The Basel Committee on Banking Supervision released a paper Monday that examines the regulatory challenge of balancing the conflicting goals of making the Basel capital standards more risk sensitive, with the goals of having standards that are relatively simple and comparable between banks and between countries.

The committee notes that it introduced a range of reforms in response to the financial crisis that aim to substantially raise the resilience of the banking system, and make the capital rules more risk sensitive. However, at the same time, the framework has also become more complicated. The paper, which was produced by a task force of its members that was formed to identify opportunities to remove undue complexity within the framework, and improve the comparability of its outcomes, discusses possiblw ways to further reform the framework in order to strike an appropriate balance between the goals of risk sensitivity, simplicity and comparability.

The ideas it proposes include: explicitly recognizing simplicity as an additional objective, enhancing disclosure, using a broader set of metrics to improve comparability, ensuring the effectiveness of the leverage ratio, reconsidering the linkage between internal and regulatory models, limiting national discretion and improving supervisory consistency, and possibly adopting fundamentally different approaches to capital adequacy.

The committee stresses that it’s not necessarily wedded to any of these ideas. “The purpose of the discussion paper is to seek views on this critical issue so as to help shape the committee’s thinking,” it says. “At this stage, the committee has not made a decision to pursue any of the ideas presented.”

While it’s seeking to start on a debate on ways to possibly simplify the capital rules, the committee stresses that it “remains firmly of the view that full, timely and consistent implementation of Basel III remains fundamental to building a resilient financial system, maintaining public confidence in regulatory ratios and providing a level playing field for internationally active banks.”

However, it also notes that the creation of the task force in 2012 acknowledges that the framework has steadily grown over time and become more complicated, as risk coverage has been expanded and more sophisticated risk measurement methodologies have been introduced.

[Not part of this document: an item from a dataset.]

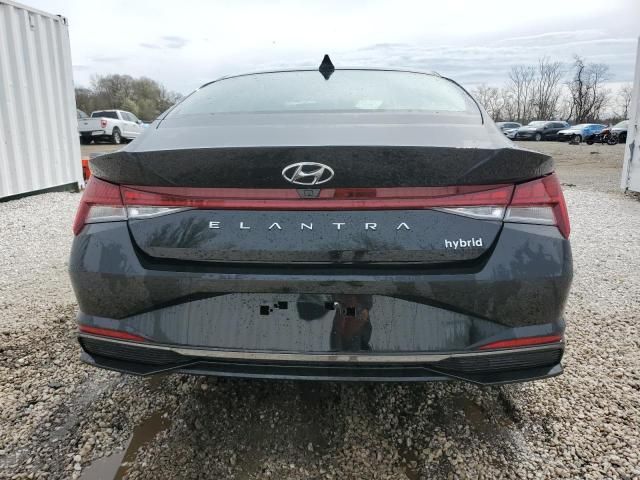 2023 Hyundai Elantra Limited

“The committee is keenly aware of the current debate concerning the complexity of the current regulatory framework. For that reason, the committee set up a Task Force last year to look at this issue in some depth,” said Stefan Ingves, chairman of the Basel Committee and governor, Sveriges Riksbank.

“The committee believes that it would benefit from further input on this critical issue before deciding on the merits of any specific changes to the current framework. The paper being released today is designed to encourage discussion amongst, and solicit views from, a broad set of stakeholders,” he said.

Comments are due by October 11.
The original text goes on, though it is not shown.